What needs to be done: Word-for-word transcription is needed for all of the entries.

=== Section Start ===

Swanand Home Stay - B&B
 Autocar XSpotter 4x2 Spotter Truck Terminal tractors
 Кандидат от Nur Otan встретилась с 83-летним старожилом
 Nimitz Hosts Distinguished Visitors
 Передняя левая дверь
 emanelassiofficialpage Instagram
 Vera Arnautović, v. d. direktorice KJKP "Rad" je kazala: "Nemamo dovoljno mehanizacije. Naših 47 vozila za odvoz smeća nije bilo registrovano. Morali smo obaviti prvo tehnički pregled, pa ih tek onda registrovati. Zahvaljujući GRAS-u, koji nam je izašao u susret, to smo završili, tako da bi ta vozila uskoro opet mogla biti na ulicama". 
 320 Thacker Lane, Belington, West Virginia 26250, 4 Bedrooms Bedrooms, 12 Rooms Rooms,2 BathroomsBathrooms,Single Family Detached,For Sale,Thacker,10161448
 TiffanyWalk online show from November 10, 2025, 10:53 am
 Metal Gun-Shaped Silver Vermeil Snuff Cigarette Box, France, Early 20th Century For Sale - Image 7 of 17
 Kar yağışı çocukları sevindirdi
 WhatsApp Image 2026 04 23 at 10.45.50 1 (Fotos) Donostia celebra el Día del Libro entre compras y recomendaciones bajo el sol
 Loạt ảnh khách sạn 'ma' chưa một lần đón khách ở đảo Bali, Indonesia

=== Section End ===

Your response:
Swanand Home Stay - B&B
 Autocar XSpotter 4x2 Spotter Truck Terminal tractors
 Кандидат от Nur Otan встретилась с 83-летним старожилом
 Nimitz Hosts Distinguished Visitors
 Передняя левая дверь
 emanelassiofficialpage Instagram
 Vera Arnautović, v. d. direktorice KJKP "Rad" je kazala: "Nemamo dovoljno mehanizacije. Naših 47 vozila za odvoz smeća nije bilo registrovano. Morali smo obaviti prvo tehnički pregled, pa ih tek onda registrovati. Zahvaljujući GRAS-u, koji nam je izašao u susret, to smo završili, tako da bi ta vozila uskoro opet mogla biti na ulicama". 
 320 Thacker Lane, Belington, West Virginia 26250, 4 Bedrooms Bedrooms, 12 Rooms Rooms,2 BathroomsBathrooms,Single Family Detached,For Sale,Thacker,10161448
 TiffanyWalk online show from November 10, 2025, 10:53 am
 Metal Gun-Shaped Silver Vermeil Snuff Cigarette Box, France, Early 20th Century For Sale - Image 7 of 17
 Kar yağışı çocukları sevindirdi
 WhatsApp Image 2026 04 23 at 10.45.50 1 (Fotos) Donostia celebra el Día del Libro entre compras y recomendaciones bajo el sol
 Loạt ảnh khách sạn 'ma' chưa một lần đón khách ở đảo Bali, Indonesia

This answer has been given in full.